Easter Sunday is not only the greatest feast of the Church’s liturgical year, but it carries as well the greatest lesson any man can learn about truth. You can put truth in a grave, but truth will come out.

Easter Sunday is not only the greatest feast of the Church’s liturgical year, but it carries as well the greatest lesson any man can learn about truth. You can put truth in a grave, but truth will come out.

You can nail it on a cross, it will come off it. You may wrap it in winding sheets and shut it up in a tomb but truth will rise. And as we say: Ukuri guca muziko ntigushya (Truth passes into fire and does not burn)

When Jesus died so tragically on a cross, the devil declared its victory with a self congratulatory message. But it was too early: What the devil did not know is that death could not mark the end of Jesus. 

It was just a beginning of another life for Christ The Risen Lord. Jesus had said he would rise from the dead, and so he did.

According to the Gospels (Lk. 24:1-12 and Jn. 20:1-9), when the sorrowful and courageous women  went to the tomb of Jesus in order to  finish the funeral service by anointing his body with spices according to their culture, the turning of the event was too good to be true.
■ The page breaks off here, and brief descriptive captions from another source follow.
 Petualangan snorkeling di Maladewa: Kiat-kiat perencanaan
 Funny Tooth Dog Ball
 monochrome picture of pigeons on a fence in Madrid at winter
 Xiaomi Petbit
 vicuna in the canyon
The stone which covered the tomb had been removed.  The tomb itself was empty. And the body of their friend and teacher was nowhere to be seen.

As they continued to scratch their heads, two men in white, described as angels, approached and asked them :  “why are you looking for the living among the dead?” 
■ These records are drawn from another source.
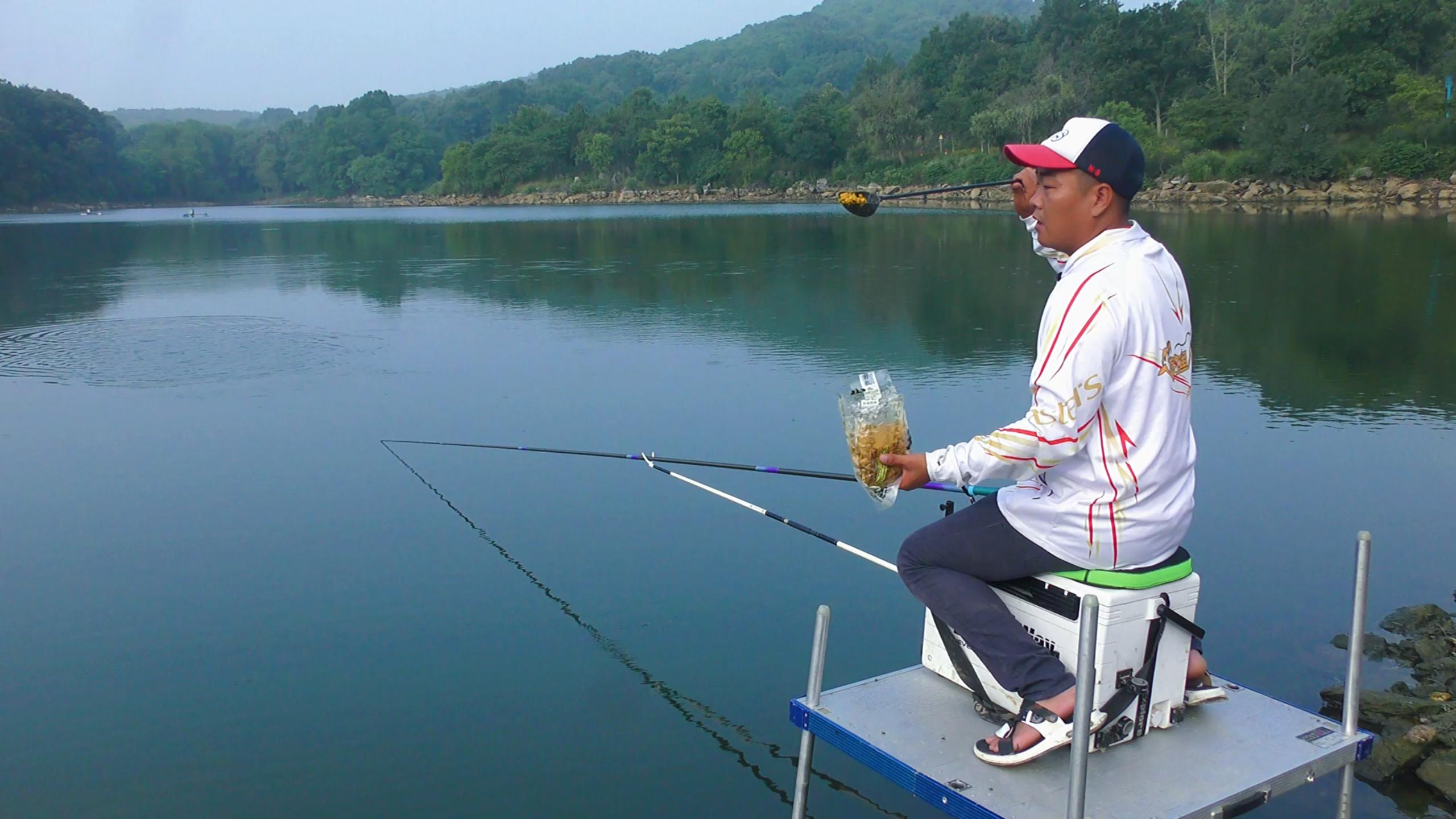 鱼儿无缘无故死掉是怎么回事,鱼停口不上钩怎么办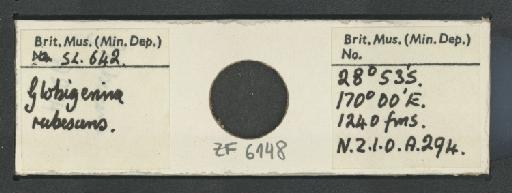Globoturborotalita rubescens (Hofker, 1956) - ZF6148.jpg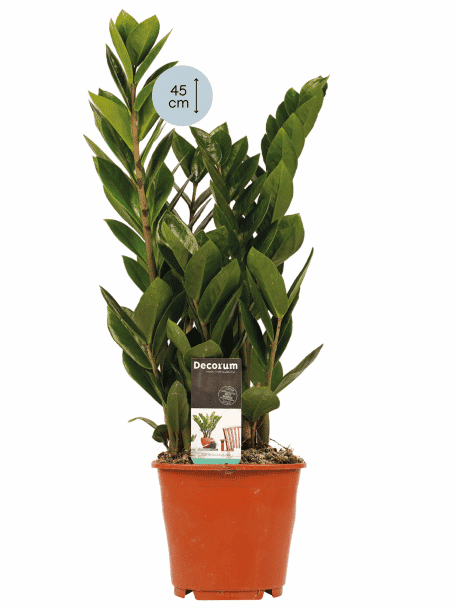 Zamio Culcas Marvy Green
As this started ringing a bell in their memory the men went on: “he is not here – he is risen!”  As the women looked so surprised, they were reminded that Jesus had predicted this with precision.

They remembered Jesus’ words and they did as they were asked; to go and tell the good news to the Eleven, and to all the rest. In a nut shell that was the celebration of the first Easter.

As we celebrate Easter this year, we may ask ourselves how this joy still affects the contemporary man with all his problems.

Some are struggling with the consequences of natural calamity like floods and earth quakes, others are struggling with sad memories of genocide, some are in middle of endless wars and others are facing unbearable life in refugee camps all over the world. Is the celebration of Easter joy still possible in such conditions?

It is exactly in the suffering situation that Jesus opened a window of divine surprise and hope for all people in their different situation.

Because Jesus rose from the dead, man can now contemplate on eternity as well as his personal immortality. He wants us to be with him in the Kingdom of heaven. 

And this gives meaning to our prayers for the departed, when we ask Jesus to receive them where he is.  The Easter event tells us where he is: “why are you looking for the living among the dead?”  “he is not here – he is risen!” 

And with these words the Church reminds us the seriousness of God’s words and his promises which must come true. 

In our concrete situation therefore, the joyful news of Easter may not change the contemporary world dramatically.

But it surely provokes every living person within his or her living conditions. Jesus has done all that is required to save man, what is remaining is man’s individual willingness to cooperate.

That is by believing in him and putting his teaching in practice in our daily life. In brief, the Easter celebrations remind us of our responsibility as God’s witness in the world as we lead a Christian style of life.